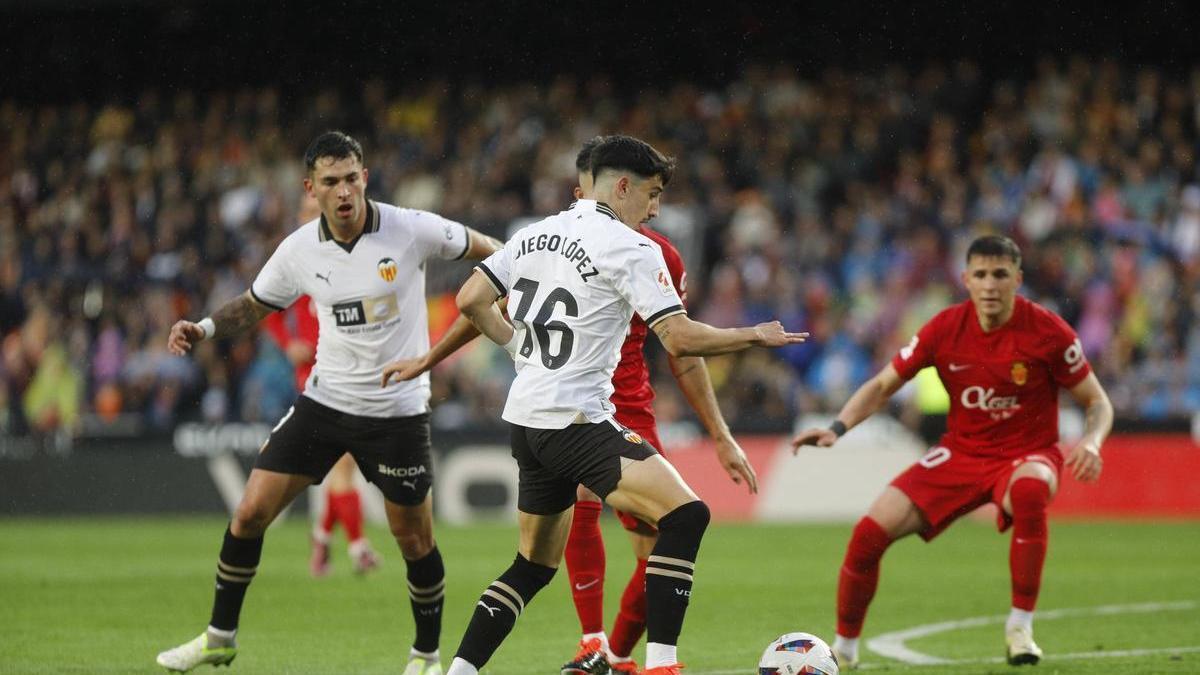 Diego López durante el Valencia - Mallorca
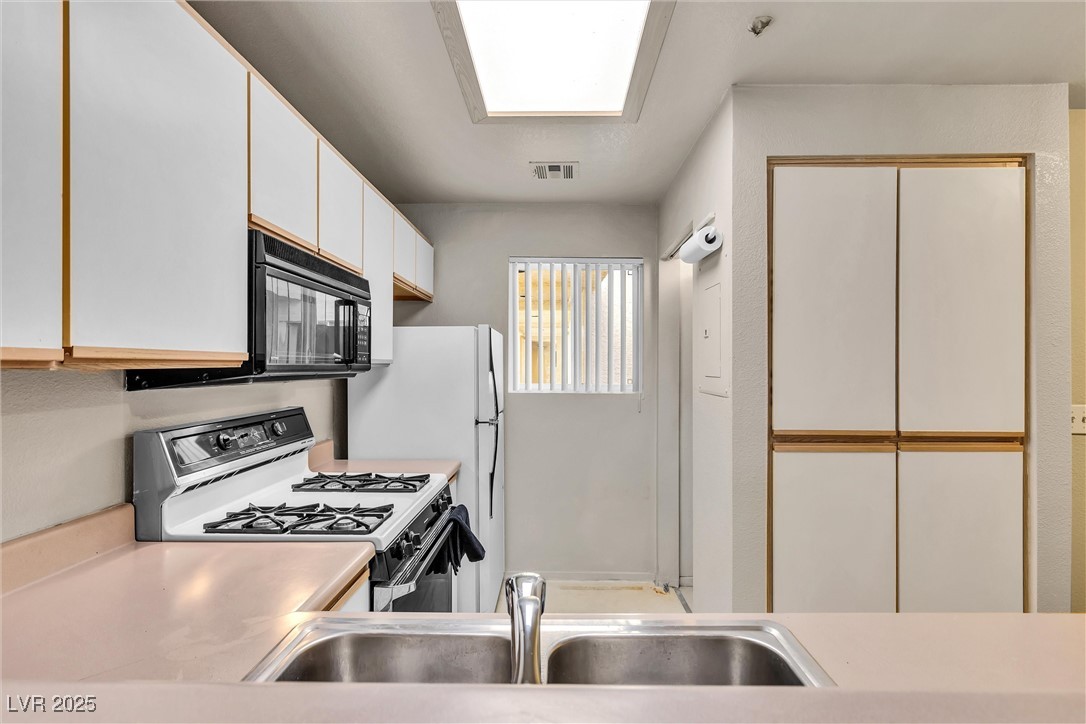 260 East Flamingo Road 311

--

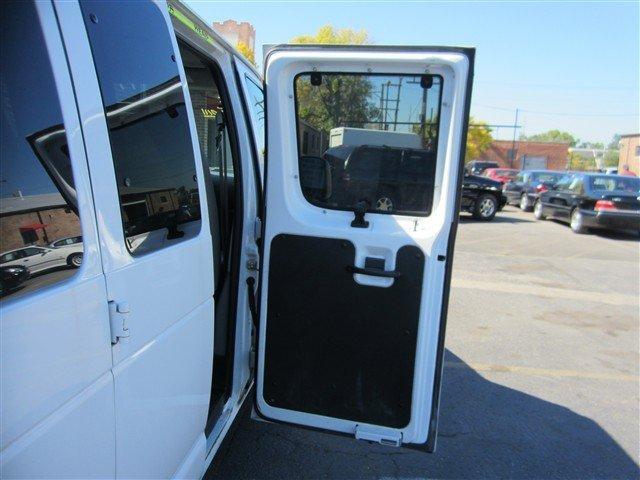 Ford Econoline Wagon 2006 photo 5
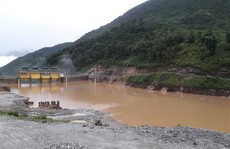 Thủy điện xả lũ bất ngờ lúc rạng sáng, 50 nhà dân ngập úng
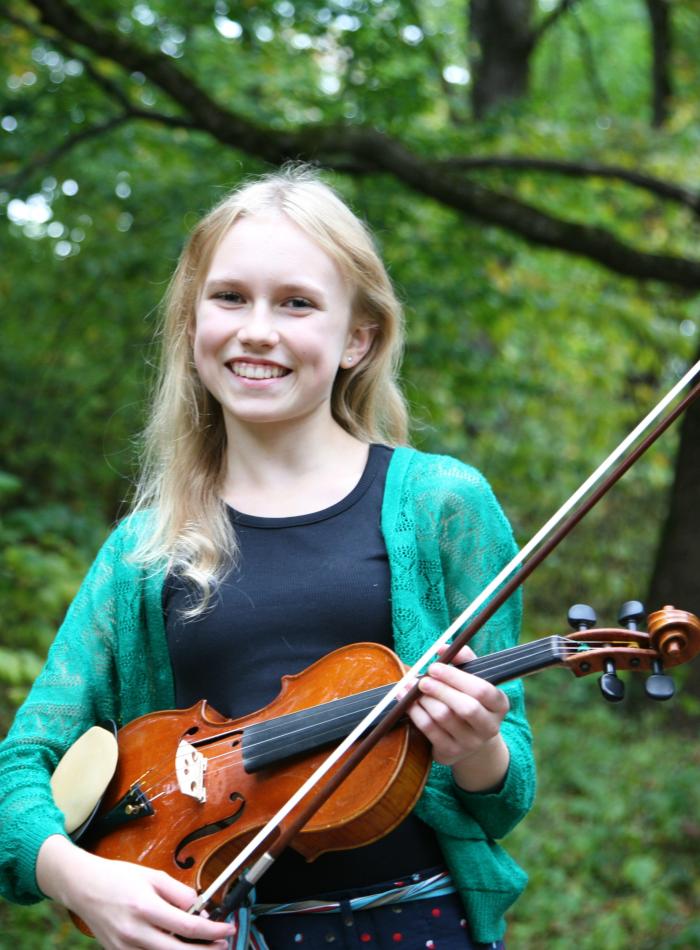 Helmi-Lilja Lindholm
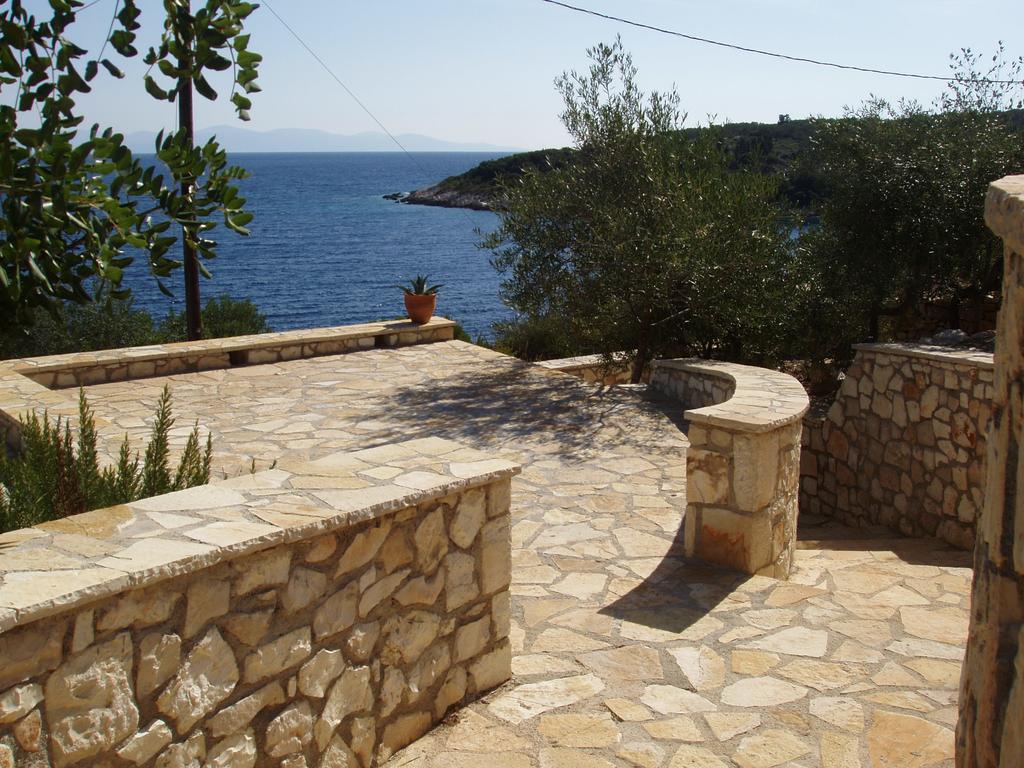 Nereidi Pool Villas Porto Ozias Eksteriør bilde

What you should do
Go to the line above that has "Thủy điện xả" and copy exactly from there down to the line that has "Nereidi Pool Villas", both included. Leave the pictures out.

Solution to this problem
 Thủy điện xả lũ bất ngờ lúc rạng sáng, 50 nhà dân ngập úng
 Helmi-Lilja Lindholm
 Nereidi Pool Villas Porto Ozias Eksteriør bilde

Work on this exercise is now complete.